A expressão “deixaram chegar” quando o Flamengo vai chegando e conquistando espaços e títulos às vezes joga contra o rubro-negro. A torcida acredita ainda mais, o elenco sai do chão como se fosse um show de Ivete, a imprensa transborda e borra nas tintas e, algumas vezes, desanda. Perde inexplicavelmente como vinha vencendo inexplicavelmente.
Na semifinal da Copa do Brasil, o Galo chegou em melhor forma até que o Cruzeiro. Era favorito antes de a bola rolar no Maracanã.
Não foi. Como, em 1987, o Galo também era. Como, em 1980, era um timaço tão bom quanto o de Zico.
Não deu. Deu Flamengo. Vai dando Flamengo depois do ótimo 2 a 0. Enorme placar pela diferença entre as equipes. Reversível por tudo que o Galo tem feito desde o ano passado.
Mas ainda uma vantagem considerável, construída em um gol de cabeça e outro em jogada sensacional de Gabriel, aterrado de modo bizarro por Josué.

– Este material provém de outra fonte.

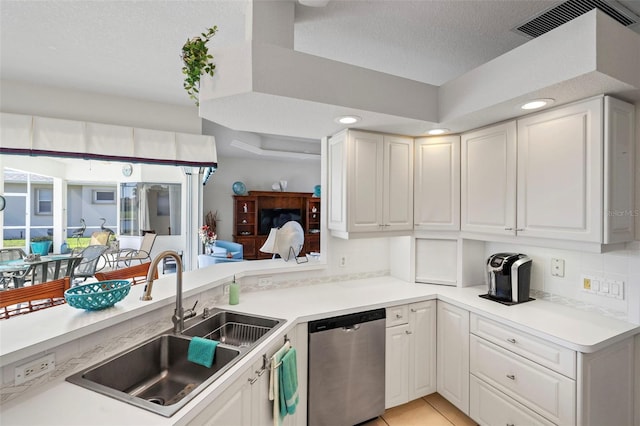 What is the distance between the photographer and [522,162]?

O Flamengo foi construindo o resultado com a consistência que o Galo foi perdendo. A dinâmica da equipe não foi a de jogos anteriores. A aposta em um meio-campo mais robusto empacou o time mineiro sem dar luz ao contragolpe.
Não foi nem de longe o melhor jogo possível do Galo. Mas ainda não está nada perdido e nem eliminado. Ainda tem como reverter em BH como superou o Corinthians, como tantas vezes acreditou o atleticano em 2012.
O problema é que “deixaram chega”. Com e sem aspas.